OUT AND ABOUT: The Island troupe in mid-frolic.
Solo performer Mike Daisey has been described as a cross between Noam Chomsky and Jack Black, Spalding Gray and Robin Williams and — my favorite — “Jackie Gleason meets Franz Kafka.”
One of the privileges and delights of interviewing and writing about such oversized personalities is having the above sort of fun describing them. I will add “the love child of Chris Farley and Susan Sontag” to that list, but Daisey inspires delving deeper. For example, there’s his restraint in discussing Scientology founder L. Ron Hubbard in a four-evening show on megalomaniacs, Great Men of Genius. Daisey doesn’t fume and spray spittle about how the cult bilks the vulnerable and fantasizes about alien soul-inhabitation, though he thoroughly covers all that.

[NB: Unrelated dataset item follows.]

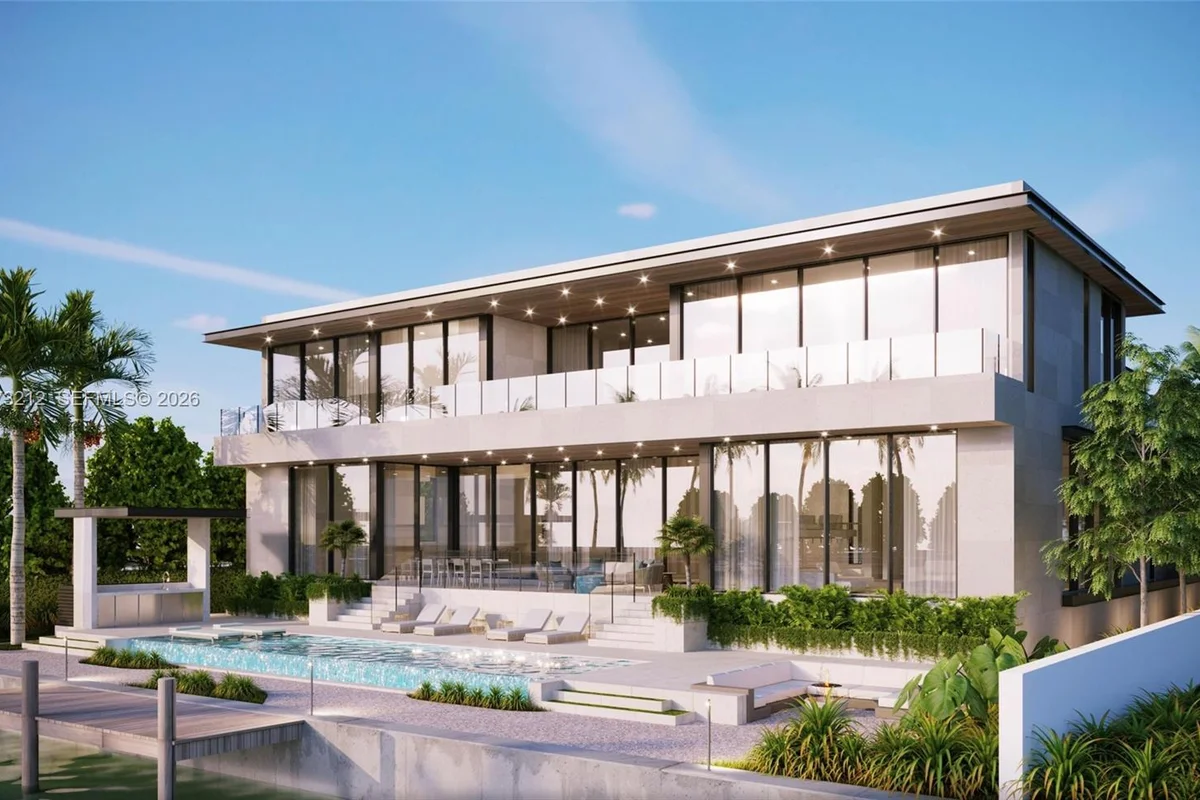 200 Golden Beach Dr, Golden Beach: photo 1 of 11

Instead, he waxes fascinated about the psychology of gullibility, allowing that Hubbard probably believed much of his nonsense.
Similarly, Daisey didn’t trash Amazon.com when, after working there for nearly two years, he did a monologue and wrote the popular 2002 book 21 Dog Years about the experience, although he did pass along his late-night unanswered e-mail rants to owner Jeff Bezos.

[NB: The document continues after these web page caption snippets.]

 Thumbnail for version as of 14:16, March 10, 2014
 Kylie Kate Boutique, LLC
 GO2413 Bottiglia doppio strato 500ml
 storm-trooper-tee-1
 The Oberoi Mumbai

None of this is because he wants you to think of Mike Daisey as a nice guy, but rather because what intrigues him always lies beneath the surface.

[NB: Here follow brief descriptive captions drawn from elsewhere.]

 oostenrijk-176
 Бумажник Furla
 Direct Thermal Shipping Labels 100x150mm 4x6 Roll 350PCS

So it is with the central subject of Monopoly!, Nicola Tesla, the mad scientist who tried to invent a death ray and grew obsessed with the wireless transmission of electricity and whose boss, Thomas Edison, couldn’t get him to stop insisting that Edison’s direct current (DC) technology was vastly inferior to Tesla’s alternating current (AC), which households use today.
“I’m very interested in the creep of corporate culture,” Daisey said from his home in Brooklyn. “And also very interested in the way corporatization affected [Tesla’s] life. All the deals he made early that worked out were with people, and then later those people were supplanted or shielded by corporations. Then he couldn’t get his letters returned. All those elements of the story really resonate with me.”
Monopoly!, which kicks off this year’s FirstWorksProv multi-media-arts festival, goes into the difficulties that the scientific genius had with the corporate mentalities, weaving that storyline with both the actual and the bogus Milton-Bradley PR version of the Monopoly board game’s origins.
In 1997 he staged his first monologue, Wasting Your Breath, which went into the consequences of the unexpected pregnancy, by him, of his high school girlfriend.
“It was really clear to me when I did the first one that this was the form that I was interested in exploring,” Daisey said. “It was very clear, the way few things have been clear in my life, that I should keep working that way.” By now he has performed nine monologues, about half off-Broadway, with a 10th scheduled to open later this year in New York. They have evolved from autobiographical in content to what might be termed inner-biographical, taking apart questions and subjects that gestate for a couple of years as intellectual obsessions. Earlier this month he debuted Truth in New York, about public frauds such as author James Frey as well as Daisey’s own personal history of deceptions. Perhaps the most remarkable thing about these monologues is that none have been scripted, none are memorized. They are created afresh from an outline, written the day before the first performance, that he refers to, sitting Spalding Gray-style at a table. “As I tell them over time, they tend to adhere to a certain path,” Daisey said. “So in that sense, they stop changing. But it takes a long time for them to actually get to that point. And the majority of the monologues are not even close to that point.”